6. Limitation of Liability – and Indemnification
a) The company Rausgebrannt assumes no liability for glasses, electronic devices, watches, jewelry, writing implements and other valuables handed over for laser engraving. In this case, the takeover for engraving takes place at the express request and at the customer’s own risk.
b) In addition, the liability of the company Rausgebrannt is limited to intent and gross negligence.
c) Liability for slight negligence, compensation for consequential and pecuniary damage, savings not achieved, loss of interest and damage from third party claims against the customer are excluded.

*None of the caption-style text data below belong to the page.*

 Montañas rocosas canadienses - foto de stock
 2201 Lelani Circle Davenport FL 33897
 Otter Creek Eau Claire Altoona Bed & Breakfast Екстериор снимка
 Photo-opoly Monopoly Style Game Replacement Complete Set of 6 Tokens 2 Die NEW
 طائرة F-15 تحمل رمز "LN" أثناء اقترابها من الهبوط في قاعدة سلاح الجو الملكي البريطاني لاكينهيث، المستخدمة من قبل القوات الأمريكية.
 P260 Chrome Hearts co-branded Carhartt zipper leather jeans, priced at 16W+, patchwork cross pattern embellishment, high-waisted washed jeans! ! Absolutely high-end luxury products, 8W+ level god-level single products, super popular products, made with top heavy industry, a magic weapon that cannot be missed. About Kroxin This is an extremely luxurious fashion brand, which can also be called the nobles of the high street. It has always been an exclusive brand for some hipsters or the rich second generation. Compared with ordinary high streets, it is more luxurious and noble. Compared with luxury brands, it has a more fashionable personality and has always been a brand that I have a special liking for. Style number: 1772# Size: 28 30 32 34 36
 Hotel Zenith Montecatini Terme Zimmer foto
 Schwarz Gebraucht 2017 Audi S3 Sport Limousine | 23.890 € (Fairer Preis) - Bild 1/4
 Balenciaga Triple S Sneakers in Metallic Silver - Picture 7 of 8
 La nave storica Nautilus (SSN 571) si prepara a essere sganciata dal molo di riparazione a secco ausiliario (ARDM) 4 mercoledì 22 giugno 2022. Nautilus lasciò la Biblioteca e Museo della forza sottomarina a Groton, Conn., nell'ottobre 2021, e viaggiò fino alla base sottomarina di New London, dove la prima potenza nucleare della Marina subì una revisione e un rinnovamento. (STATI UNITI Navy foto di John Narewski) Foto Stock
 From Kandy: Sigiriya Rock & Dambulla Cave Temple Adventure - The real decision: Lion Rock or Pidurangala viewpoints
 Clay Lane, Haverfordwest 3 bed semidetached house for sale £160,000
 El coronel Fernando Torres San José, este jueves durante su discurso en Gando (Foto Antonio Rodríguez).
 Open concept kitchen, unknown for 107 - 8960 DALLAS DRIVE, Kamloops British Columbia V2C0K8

d) The company Rausgebrannt is only liable for its own content on their websites. As far as access to other websites is made possible by links, the company Rausgebrannt is not responsible for the third-party content contained therein. The company Rausgebrannt does not adopt third-party content as its own.
7. Final provisions
a) Austrian law applies. The provisions of the UN sales law do not apply. In the case of consumers, this choice of law only applies insofar as the protection granted by mandatory provisions of the law of the state in which the consumer has his habitual residence is not withdrawn.
b) The place of jurisdiction for all disputes arising directly or indirectly from the contract is agreed to be the locally and materially competent Austrian court for the headquarters of the company Rausgebrannt.
c) Should individual provisions of the contract with the customer, including these general terms and conditions, be or become ineffective in whole or in part, this shall not affect the validity of the remaining provisions. The completely or partially ineffective regulation will be replaced by a regulation whose economic success comes as close as possible to that of the ineffective one.